Bref, dans l’extase et l’âme toute émue,
Laissant tomber le ciseau de sa main,
Avide, il baise, admire et baise encore,
Dans ses regards, dans ses vœux incertains,
Presse en ses bras ce marbre qu’il adore,
Et tant, dit-on, le baisa, le pressa, —
Mortels, aimez, tout vous sera possible, —
Que de son âme un rayon s’élança,
Se répandit dans ce marbre insensible
Qui, par degré devenu plus flexible,
S’amollissant sous un tact amoureux,
Promet un cœur à son amant heureux.
Sous cent baisers d’une bouche enflammée
La froide image à la fin animée
Respire, sent, brûle de tous les feux,
Soupire, étend ses bras, ouvre ses yeux,
Voit son amant plus tôt que la lumière ;
Elle le voit, et déjà veut lui plaire,
Craint cependant, dérobe ses appas,
Se cache au jour, dompte son embarras,
Et rougissante à son vainqueur se livre.
Puis, moins timide, en souriant tout bas,
Avec transport de tendresse s’enivre,
Presse à son tour son amant dans ses bras,
L’anime enfin à de nouveaux combats,
Et semble aimer même avant que de vivre.

ENVOI.


Toi dont l’esprit, les grâces m’ont charmé,
Puissent mes vers transmettre en toi ma flamme !
Permets qu’Amour par moi te donne une âme.
Qui n’aime point est-il donc animé ?

— Tout est extraordinaire dans un ouvrage qu’on vient d’imprimer en deux volumes et qui fait beaucoup de bruit par la hardiesse des sentiments qu’on y a hasardés.

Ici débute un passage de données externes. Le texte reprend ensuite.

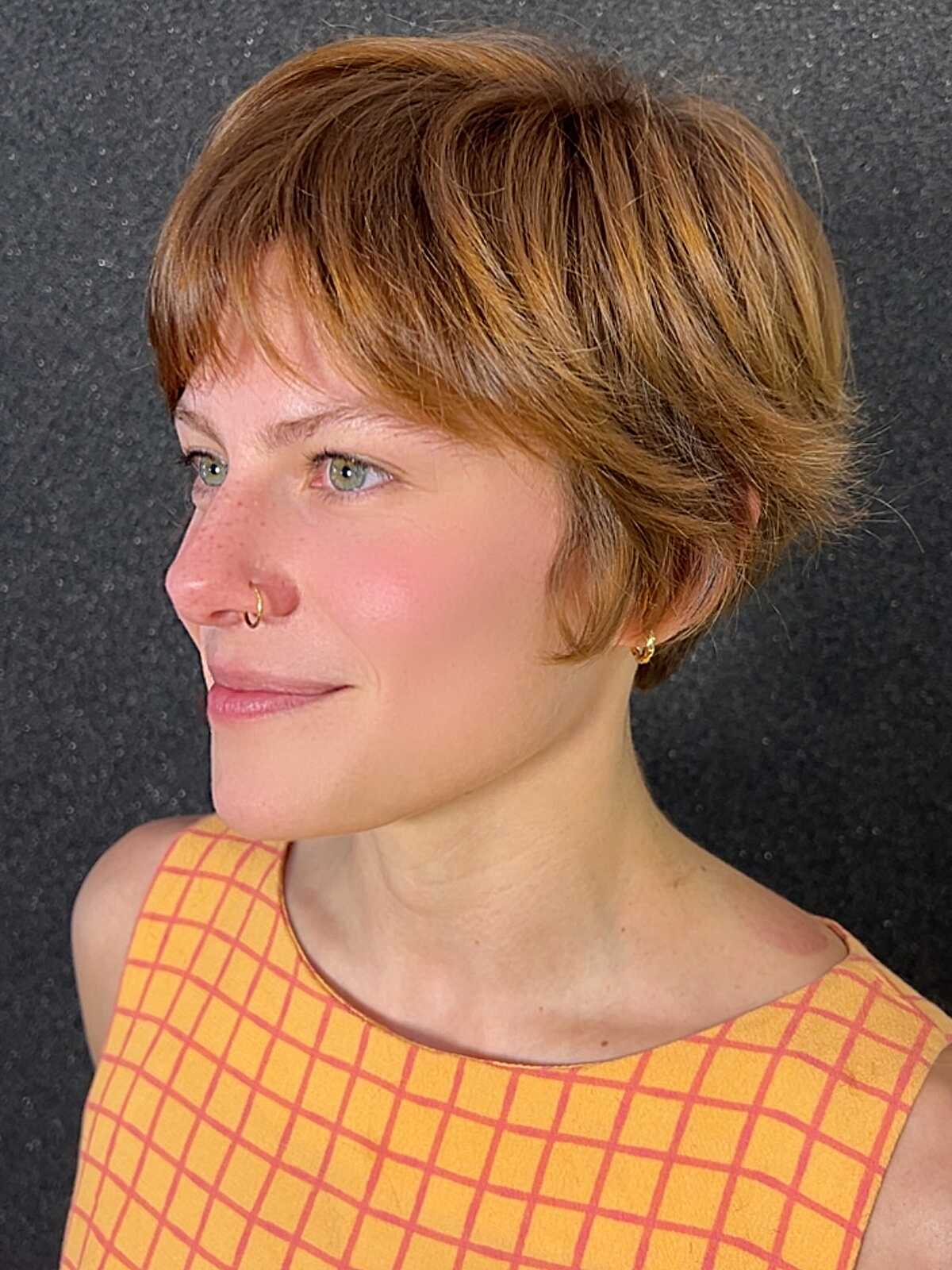 Copper pixie cut with soft wispy fringe on thick hair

Il est intitulé Telliamed, ou Entrelien d’un philosophe indien et d’un missionnaire français[1]. L’auteur est M. Maillet, consul au Caire et qui était auparavant secrétaire de M. Delahaye, ambassadeur de

  1. Amsterdam, 1748, 2 vol. in-8. Publié par Guers sur les manuscrits de Benoît de Maillet, mort en 1738. L’abbé Le Mascrier en a donné une édition augmentée, Paris, 1755, 2 vol. in‑12.